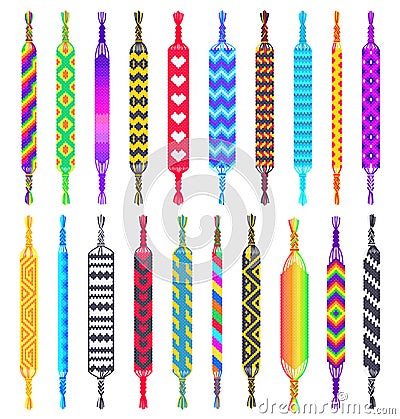 Friendship bracelets. Hippie braided wristband, wrist bracelet with pattern and hand made jewellery vector set Vector Illustration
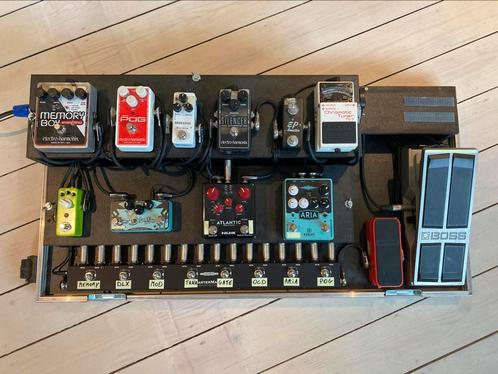 Volledig professioneel pedalboard in flightcase, Muziek en Instrumenten, Effecten, Zo goed als nieuw, Chorus, Delay of Echo, Distortion, Overdrive of Fuzz
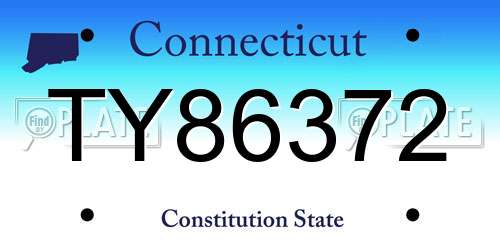 TY86372 Connecticut License Plate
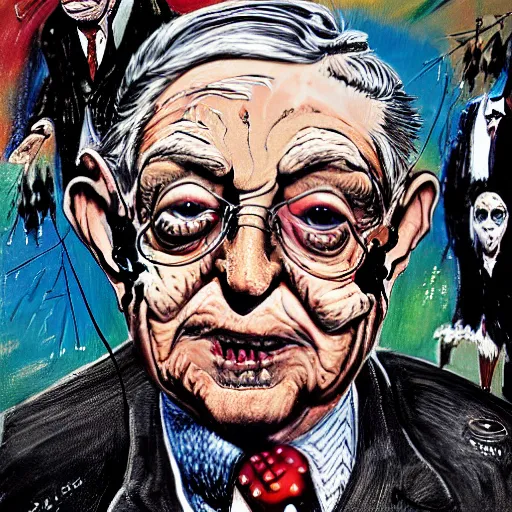 Image similar to George Soros full body shot, dollar bills Body horror, biopunk, by Ralph Steadman, Francis Bacon, Hunter S Thompson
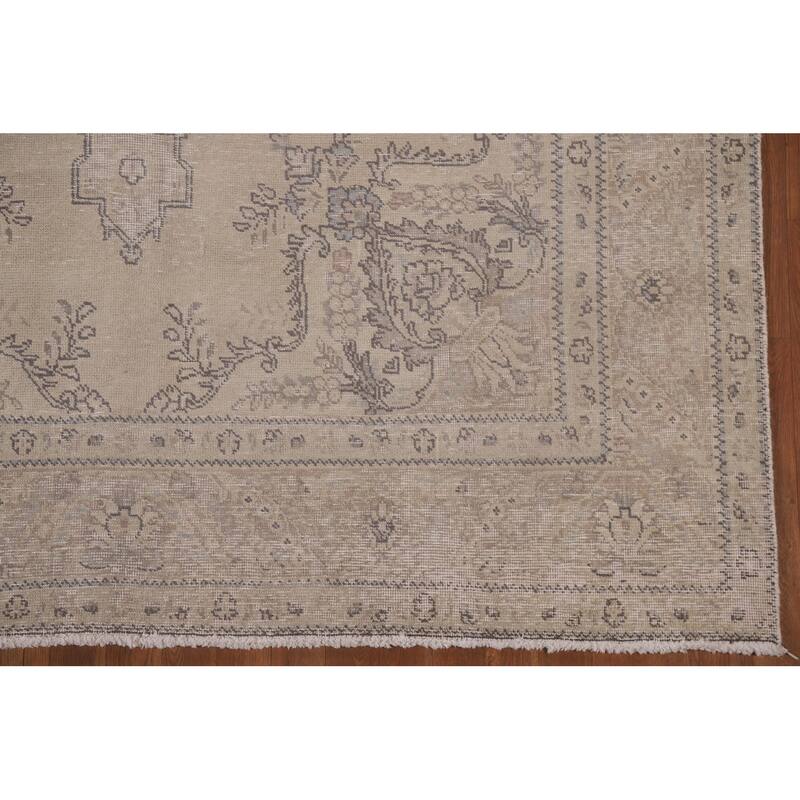 Antique Distressed Tabriz Persian Area Rug Hand-knotted Wool Carpet - 6'7" x 9'8"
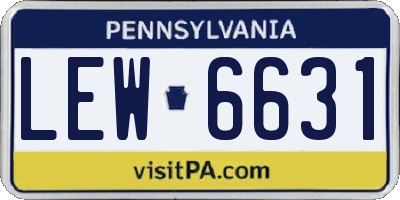 PA license plate LEW6631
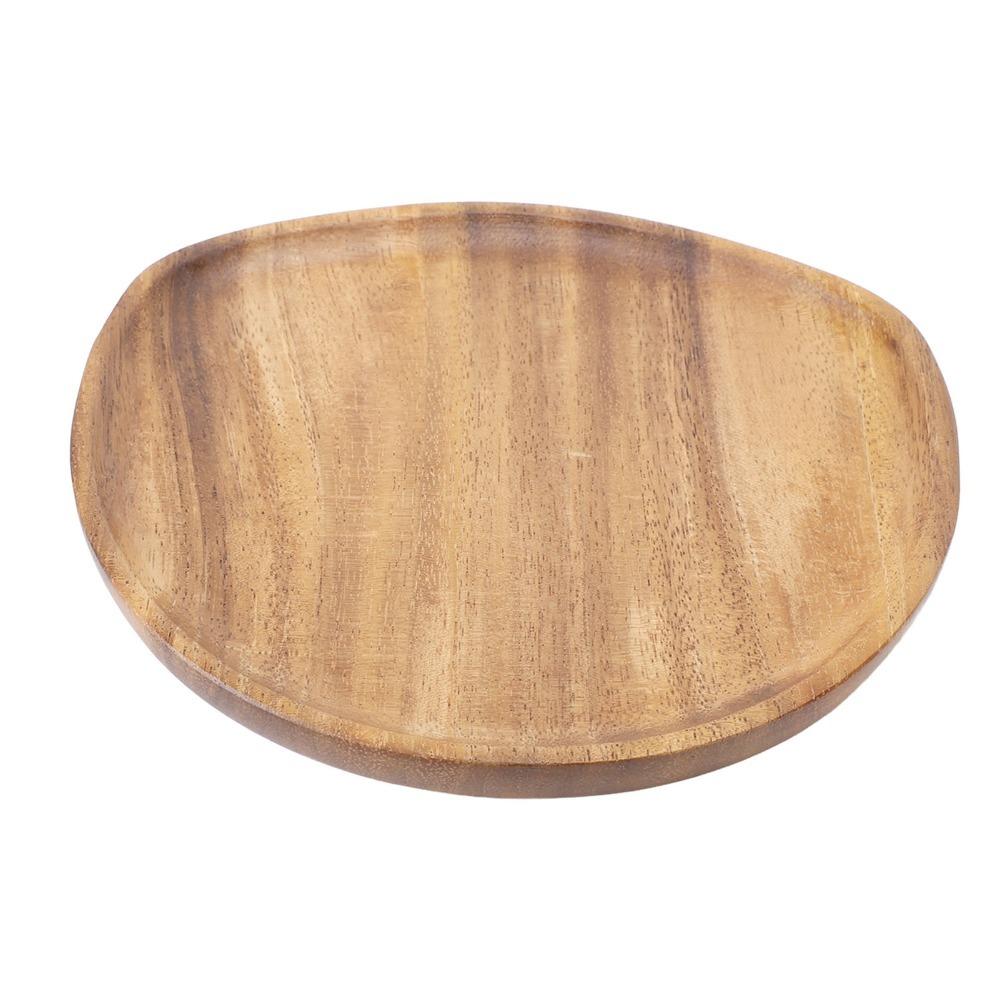 Stevig Hout Houten Dienblad Glad Gepolijst Houttextuur Serveerblad Praktisch Onregelmatige Vorm Voedselplateau Eettafel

> **Exercise details**
Print the data once more without any change, skipping each picture.

> **Answer to this problem**
 Friendship bracelets. Hippie braided wristband, wrist bracelet with pattern and hand made jewellery vector set Vector Illustration
 Volledig professioneel pedalboard in flightcase, Muziek en Instrumenten, Effecten, Zo goed als nieuw, Chorus, Delay of Echo, Distortion, Overdrive of Fuzz
 TY86372 Connecticut License Plate
 Image similar to George Soros full body shot, dollar bills Body horror, biopunk, by Ralph Steadman, Francis Bacon, Hunter S Thompson
 Antique Distressed Tabriz Persian Area Rug Hand-knotted Wool Carpet - 6'7" x 9'8"
 PA license plate LEW6631
 Stevig Hout Houten Dienblad Glad Gepolijst Houttextuur Serveerblad Praktisch Onregelmatige Vorm Voedselplateau Eettafel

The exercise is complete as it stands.